* _Crawled caption data_
▼
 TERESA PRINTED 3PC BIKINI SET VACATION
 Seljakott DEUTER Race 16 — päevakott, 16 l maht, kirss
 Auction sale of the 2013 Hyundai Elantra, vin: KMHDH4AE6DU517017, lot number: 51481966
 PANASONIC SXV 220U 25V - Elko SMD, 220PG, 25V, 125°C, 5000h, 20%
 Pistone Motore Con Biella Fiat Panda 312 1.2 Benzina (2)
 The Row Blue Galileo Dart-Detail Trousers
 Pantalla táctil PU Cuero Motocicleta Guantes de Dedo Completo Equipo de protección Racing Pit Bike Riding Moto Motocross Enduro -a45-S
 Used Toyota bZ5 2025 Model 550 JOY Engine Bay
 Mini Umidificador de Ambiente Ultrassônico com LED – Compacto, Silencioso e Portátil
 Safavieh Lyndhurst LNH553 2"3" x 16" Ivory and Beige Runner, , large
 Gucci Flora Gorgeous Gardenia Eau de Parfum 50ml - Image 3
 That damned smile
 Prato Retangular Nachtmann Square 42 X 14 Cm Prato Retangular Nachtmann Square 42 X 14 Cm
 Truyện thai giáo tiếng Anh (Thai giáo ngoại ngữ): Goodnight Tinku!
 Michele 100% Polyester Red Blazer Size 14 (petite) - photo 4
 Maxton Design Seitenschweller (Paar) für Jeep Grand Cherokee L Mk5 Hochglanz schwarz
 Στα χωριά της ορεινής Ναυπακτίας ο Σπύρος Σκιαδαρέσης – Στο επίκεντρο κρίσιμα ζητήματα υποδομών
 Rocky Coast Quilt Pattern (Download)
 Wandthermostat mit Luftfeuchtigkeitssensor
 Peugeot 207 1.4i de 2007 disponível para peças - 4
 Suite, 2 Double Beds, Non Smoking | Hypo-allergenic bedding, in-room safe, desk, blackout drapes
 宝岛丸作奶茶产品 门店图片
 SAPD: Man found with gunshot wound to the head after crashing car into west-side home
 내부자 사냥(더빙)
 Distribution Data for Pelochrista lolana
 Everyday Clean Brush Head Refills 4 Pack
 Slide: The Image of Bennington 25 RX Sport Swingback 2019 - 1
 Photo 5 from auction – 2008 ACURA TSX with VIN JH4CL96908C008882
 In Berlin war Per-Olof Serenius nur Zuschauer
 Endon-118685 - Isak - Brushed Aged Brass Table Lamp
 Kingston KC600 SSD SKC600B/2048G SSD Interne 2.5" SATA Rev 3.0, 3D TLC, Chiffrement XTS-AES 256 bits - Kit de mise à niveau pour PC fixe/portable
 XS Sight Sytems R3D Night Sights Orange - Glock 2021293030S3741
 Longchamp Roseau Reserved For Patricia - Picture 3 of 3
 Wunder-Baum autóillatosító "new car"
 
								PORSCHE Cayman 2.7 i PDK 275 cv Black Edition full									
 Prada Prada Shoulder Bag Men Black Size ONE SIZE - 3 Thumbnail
▲
* _Problem details_
The word "Image" may appear on some lines of these records; state how many such lines there are, and nothing else.

* _Response below_
2